Die Osterweiterung als Systemwandel

Mit der Öffnung der Europäischen Union nach Osten behaupten die Europäer die normative Prämisse ihrer Integration - kein Club der historisch und wirtschaftlich Begünstigten sein zu wollen, sondern eine Gemeinschaft aller Europäer. Diese Erweiterung präzisiert die geographische Reichweite der Europäischen Union. Die heutige Union der 15 wird sich in Stufen auf 25 Mitglieder und mehr vergrößern. Darüber hinaus wird sich die Europäische Union mit zwei spezifischen Fragestellungen auseinandersetzen müssen: einerseits mit dem Szenario einer Enklave innerhalb einer erweiterten EU, die im Fall der Krise und des Scheiterns der Transformation im ehemaligen Jugoslawien entstünde, andererseits mit der Rolle und Ausrichtung der Ukraine.
Von entscheidender Bedeutung für das künftige Gefüge des großen Europa ist die Rolle der Türkei. Nach wie vor bildet die Europaorientierung einen festen Bestandteil der türkischen Außenpolitik. Mit der Herstellung der Zollunion vollzieht das Land einen wichtigen europapolitischen Schritt, der die Verflechtung der Wirtschaft mit der EU weiter vergrößern wird. Die türkische Beitrittsoption ist zudem kaum weniger verbindlich als die der ostmitteleuropäischen Reformstaaten. Die europäische Politik hat diese Annäherung bisher eher hinhaltend begleitet und versäumt, die Partnerschaft mit der Türkei nach Ende der Dominanz der Sicherheits- und Verteidigungspolitik strategisch neu zu bestimmen. Nun muß die Europäische Union muß entscheiden, welche Rolle sie der Türkei zuordnen will:

die des Beitrittskandidaten; dann wäre die Entwicklung der Beziehungen primär an der Erfüllung der Beitrittskriterien zu orientieren und die EU-Politik müßte konsequenter als bisher die Anbindung der Türkei fordern und fördern;

die des regionalen Stabilitätsankers; dann müßte die Unterstützung ihres Modernisierungsprozesses und der Fähigkeit der türkischen Außen- und Sicherheitspolitik, Stabilität und Sicherheit in das eigene Umfeld zu projezieren, im Vordergrund stehen;

die des Ankers mit Europa-Perspektive; dazu wäre die Entwicklung einer privilegierten Partnerschaft auf strategischer Ebene bei gleichzeitiger Betonung der innenpolitischen Beitrittsvoraussetzungen, damit das Ziel eines späteren Beitritts glaubwürdig und handlungsleitend bleibt.

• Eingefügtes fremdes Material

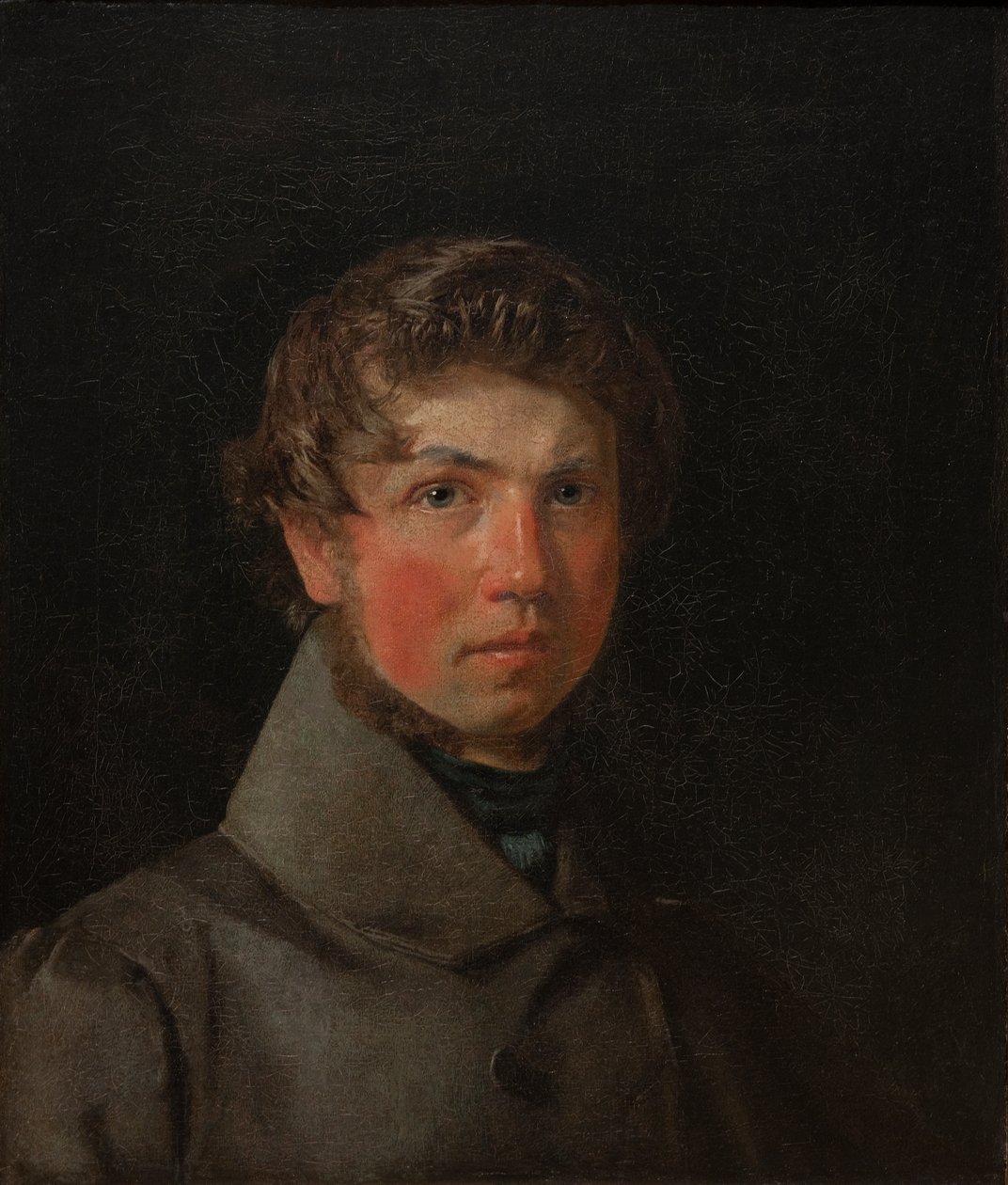 Selvportræt, ca. 1833 (olie på lærred) af Christen Schjellerup Kobke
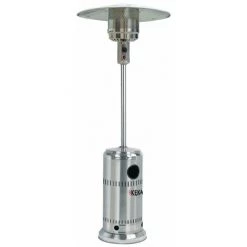 Poêle Au Gaz Pour Extérieur Acier Inoxydable Kekai 13 Kw 25 M² Ø81x221 Cm Gris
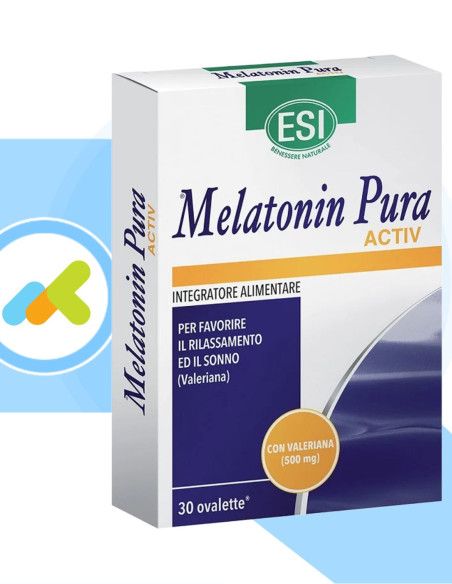 Esi Melatonin Pura Activ | Integratore a Base di Melatonina | Favorisce il Sonno | 30 ovalette Esi Melatonin Pura Activ | Integratore a Base di Melatonina | Favorisce il Sonno | 30 ovalette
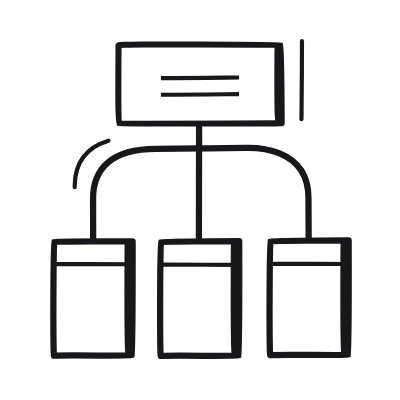 Sitemap, Animated Icon, Black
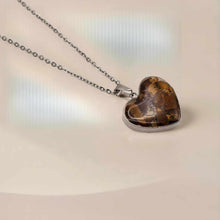 Load image into Gallery viewer, Radiant Tiger Eye Heart Necklace: A Symbol of Strength and Beauty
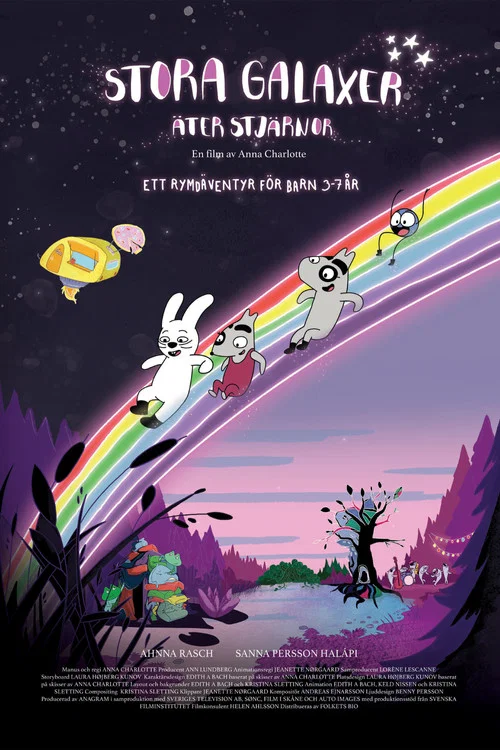 Постер: Stora Galaxer Äter Stjarnor
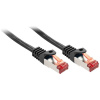 LINDY 47377 RJ45 sieťové káble, prepojovacie káble CAT 6 S/FTP 7.50 m čierna 1 ks; 47377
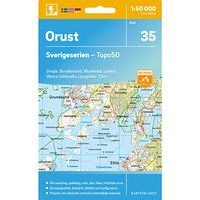 Kartförlaget 35 Orust Sverigeserien Topo50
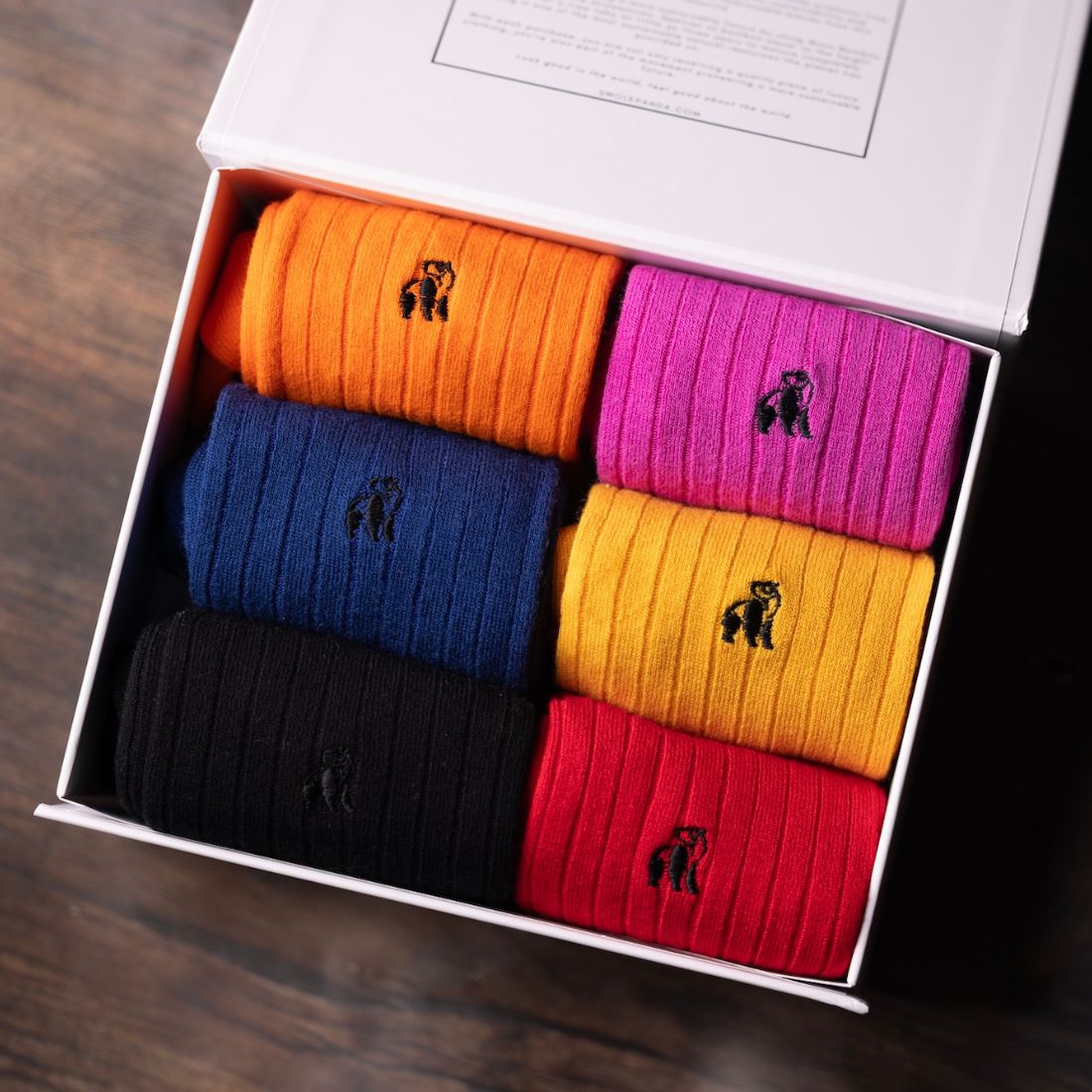 Build Your Own Bamboo Sock Gift Box – 6 Pairs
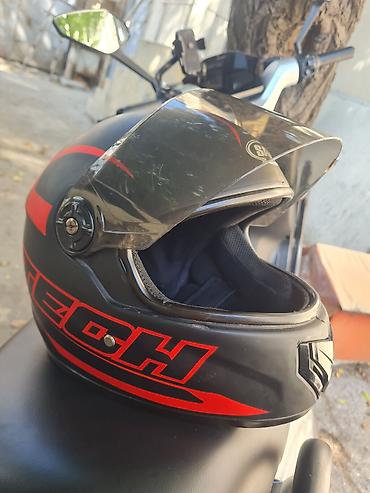 Moto geyim: Moto dəbilqə – tam üzlü (full-face) model + interkom - Brend: SAFE — 2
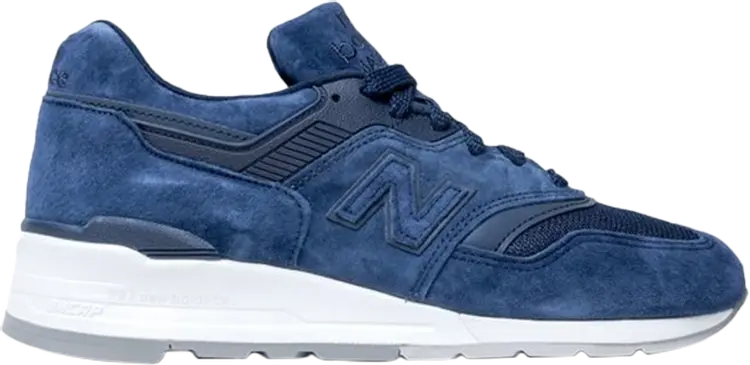 Кроссовки New Balance 997 Made In USA 'Tonal Navy', синий — фото 2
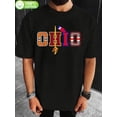 thumbnail image 1 of T-shirt Ohio State Buckeyes Homme Drapeau Officiel & Graphique Épée Col Rond Lourd, 1 of 5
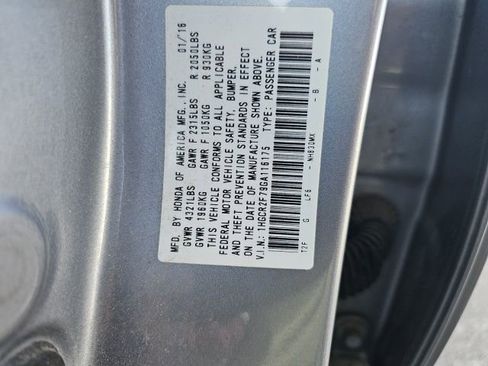 Used 2016 Honda Accord EX image 10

In dieser Rollenzuschreibung wird die EU zwischen den Folgen für die außenpolitische Orientierung der Türkei und den Wirkungen auf ihr inneres Gefüges, zwischen dem Integrationsinteresse Europas und seiner Erweiterungsfähigkeit abwägen müssen. Die bisher gepflegte Haltung der Indifferenz wirkt in keiner der drei skizzierten Richtungen konstruktiv.

Herausforderungen der Erweiterung

In den Perspektiven von Euro und Osterweiterung liegen historische Chancen, aber auch beträchtliche Risiken in einem komplizierten Geflecht von Interessenlagen, Konstellationen und Entwicklungslinien nebeneinander:
Das große Europa wird zur Initialzündung von wirtschaftlicher Modernisierung und gesamteuropäischer Wohlstandssicherung werden - wenn es gelingt, die Märkte konsequent zu öffnen, den Binnenmarkt ungeschmälert zu bewahren, Verteilungskonflikte im Rahmen der EU wirksam zu regeln und protektionistische Tendenzen zurückzudrängen.

Das große Europa wird das Friedensmodell für Gesamteuropa bilden, in dem alle Staaten das gleiche Maß an Sicherheit haben - wenn es gelingt, die zahlreichen Minderheitenkonflikte vor der Erweiterung verbindlich zu regeln, wirksame Instrumente der Konfliktprävention zu entwickeln und die Sicherheitsleistung der EU zu verbessern.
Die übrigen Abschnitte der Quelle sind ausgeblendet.